Sistemas de elección hay muchos, y si bien cada uno tiene sus fallos inherentes, es sabido que todos los partidos pueden ganar con algún método. No caigamos en falacias, ni existe el método matemáticamente perfecto, exactamente justo, ni en política hay hueco para el azar.
Por supuesto, no pueden desvincularse las decisiones políticas de los intereses de los partidos y del bagaje histórico de un país. La Transición española y los constituyentes que se encargaron de dotarnos de una Norma Fundamental, tenían y tienen hoy intereses y preferencias y la intención de obtener rédito político de sus actuaciones. La combinación de determinados elementos, como son la magnitud de las circunscripciones -al establecerse la provincia como única circunscripción posible-, la fórmula electoral -regla d’Hont-, la desviación del prorrateo para la asignación de escaños y el umbral legal mínimo, ha beneficiado particularmente a ciertos partidos frente a otros que, como no puede ser de otra manera, han dejado de obtener lo que otros sí ganan.

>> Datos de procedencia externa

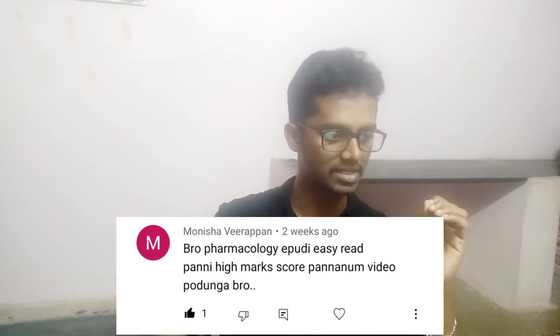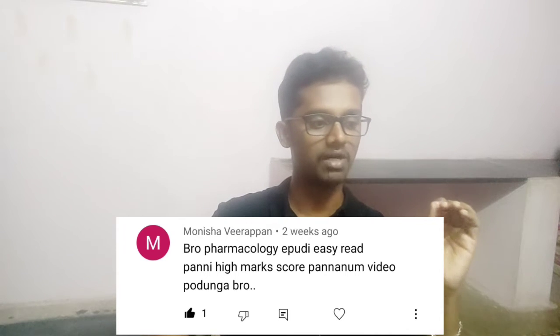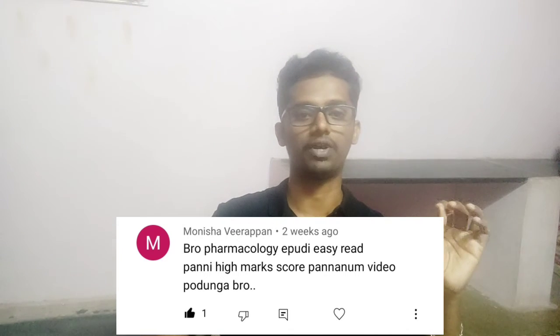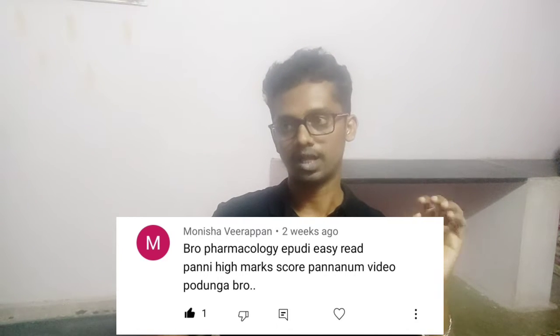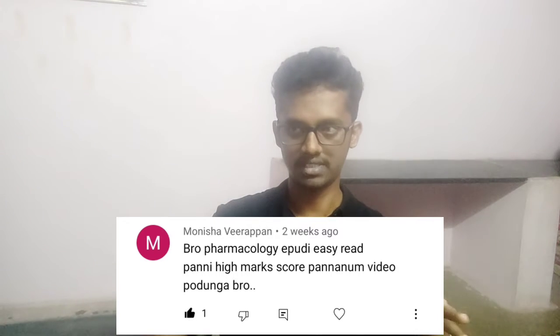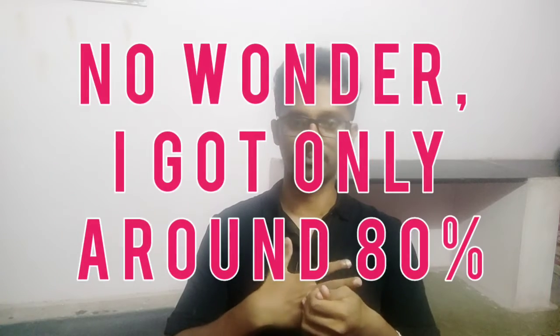How do you read it easily? How do you score high marks? I'm going to tell you a suggestion. I'm going to tell you about how to get high scores in this channel.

Esto así porque, como ha sido harto estudiando por la ciencia política española, nuestro sistema electoral adolece a la vez de un sesgo mayoritario y conservador. Todo ello hace que no sea casual la realidad de que, por una parte, la configuración sistémica sirvió en su momento para favorecer particularmente a UCD, y por otra, este sistema se haya institucionalizado y perdurado excepcionalmente en el tiempo.

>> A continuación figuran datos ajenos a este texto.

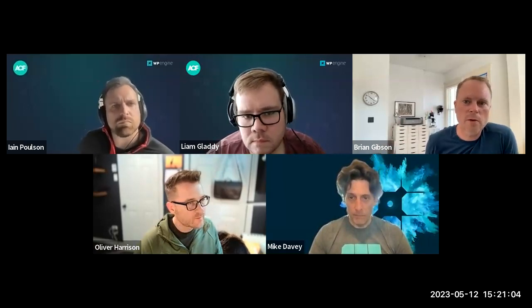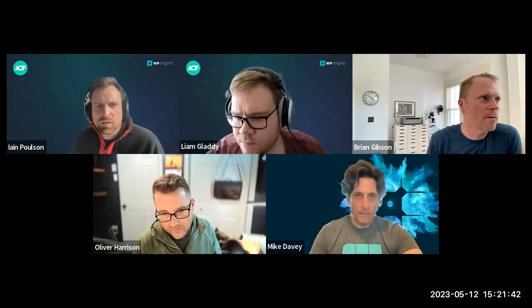Brian asks: now that ACF has custom post type registration, can he migrate registrations from CPT UI and get rid of that plugin? Matt confirms: on any ACF admin page you'll get a prompt at the top saying you've got CPT UI installed — do you want to import everything? Once it's active and enabled, you can import and then disable CPT UI. Ian mentions there's a documentation link for importing from CPT UI.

Tres décadas y pico más tarde, la opinión pública empieza a cansarse de la sobrerrepresentación de los partidos mayoritarios y sobre todo los de cierta tendencia ideológica, y sus consecuencias: el bipartidismo, el voto útil, la ausencia de alternativas, la imposibilidad de prosperar partidos minoritarios, y un largo etcétera.
Y es que la ausencia de fragmentación política quizá está bien para una democracia joven, que necesita legitimación, pero acaba por perder el sentido en la realidad actual. La mayor dificultad parece consistir en forzar el cambio de una situación estable cuando quien en cuyas manos está, no tiene motivación alguna para hacerlo.
Sin embargo, como parece que Fukuyama y su fin de la historia no acabarán por llegar, por suerte, al menos de momento, habrá que estar a lo que toca: renovarse, o morir.